À la suite de son assemblée générale annuelle, l’antenne départementale de la Confédération paysanne change de visage. Face aux pressions croissantes de l’agro-industrie, le syndicat fait le choix d’une direction collégiale et réaffirme ses priorités, de la juste répartition de l’eau à la contestation des politiques agricoles actuelles.
Une voix collective pour piloter le syndicat
C’est une restructuration stratégique importante pour le syndicat agricole du Maine-et-Loire. Réuni à Mûrs-Erigné, le mouvement a dévoilé la composition de son nouveau comité départemental, désormais fort de 13 membres. Pour faire face aux attaques répétées visant l’agriculture paysanne, l’organisation a décidé de rompre avec le schéma traditionnel du porte-parole unique au profit d’un porte-parolat entièrement collectif.
La gestion quotidienne de la structure sera assurée par un bureau renouvelé de cinq exploitants locaux : Victor Cossard (maraîcher à Saint-Georges-sur-Layon), Valentin Lemasle (éleveur à Saint-Rémy-en-Mauges), Julia Rault (éleveuse à Notre-Dame-d’Allençon), Benoît Sénéchal (éleveur à Daumeray) et Sabine Vinouze (éleveuse à Valanjou). Cette équipe entend se mettre immédiatement au service des travailleurs de la terre pour défendre un revenu digne et s’émanciper de la tutelle financière des grands groupes industriels.
La bataille pour le partage transparent de l’eau
Au cœur des revendications du syndicat figure la gestion des ressources naturelles, quelques semaines après une manifestation qui a réuni 350 personnes à Brissac. La Confédération paysanne 49 réclame l’instauration d’une véritable démocratie de l’eau, basée sur une concertation transparente.
Si le syndicat soutient sans équivoque l’irrigation pour les productions indispensables à la relocalisation alimentaire, à l’instar du maraîchage, il dénonce fermement l’accaparement des volumes d’eau et des subventions publiques par une minorité d’exploitants au détriment de la majorité des paysans.
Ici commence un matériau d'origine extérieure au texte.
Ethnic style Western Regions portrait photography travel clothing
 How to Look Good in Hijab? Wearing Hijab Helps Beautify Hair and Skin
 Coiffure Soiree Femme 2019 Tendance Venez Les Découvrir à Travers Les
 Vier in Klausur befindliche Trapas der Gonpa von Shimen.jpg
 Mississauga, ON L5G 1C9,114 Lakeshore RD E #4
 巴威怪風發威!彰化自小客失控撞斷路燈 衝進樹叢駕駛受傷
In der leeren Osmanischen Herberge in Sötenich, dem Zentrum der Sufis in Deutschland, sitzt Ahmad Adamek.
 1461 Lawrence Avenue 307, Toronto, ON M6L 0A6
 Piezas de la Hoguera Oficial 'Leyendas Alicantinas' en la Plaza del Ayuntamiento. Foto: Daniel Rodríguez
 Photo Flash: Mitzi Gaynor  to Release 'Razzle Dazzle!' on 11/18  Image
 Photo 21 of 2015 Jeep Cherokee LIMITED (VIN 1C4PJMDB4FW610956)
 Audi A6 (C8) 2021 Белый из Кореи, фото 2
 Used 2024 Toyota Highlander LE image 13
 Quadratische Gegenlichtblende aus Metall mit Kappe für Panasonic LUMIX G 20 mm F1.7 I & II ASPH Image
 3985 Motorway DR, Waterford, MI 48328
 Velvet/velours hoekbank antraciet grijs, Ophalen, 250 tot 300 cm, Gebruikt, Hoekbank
Colère face à la Loi d’Urgence Agricole et aux traités de libre-échange
L’inquiétude est également palpable concernant le cap politique national. Le syndicat estime que la récente Loi d’Urgence Agricole ne permet pas aux professionnels de vivre décemment de leur activité. Le comité pointe du doigt une série de reculs environnementaux et économiques majeurs, citant notamment le retour de certains produits phytosanitaires, une gestion sanitaire jugée brutale et la signature de traités commerciaux internationaux de libre-échange. Autant de facteurs qui, selon eux, fragilisent l’économie des fermes tout en aggravant les crises sanitaires et l’effondrement de la biodiversité.
En vue des prochaines échéances électorales, le syndicat réaffirme son rejet des orientations libérales et antisociales. Il rappelle son opposition frontale aux idéologies d’extrême droite, prônant à l’inverse un modèle de société humaniste, solidaire et inclusif pour faire vivre les campagnes de l’Anjou.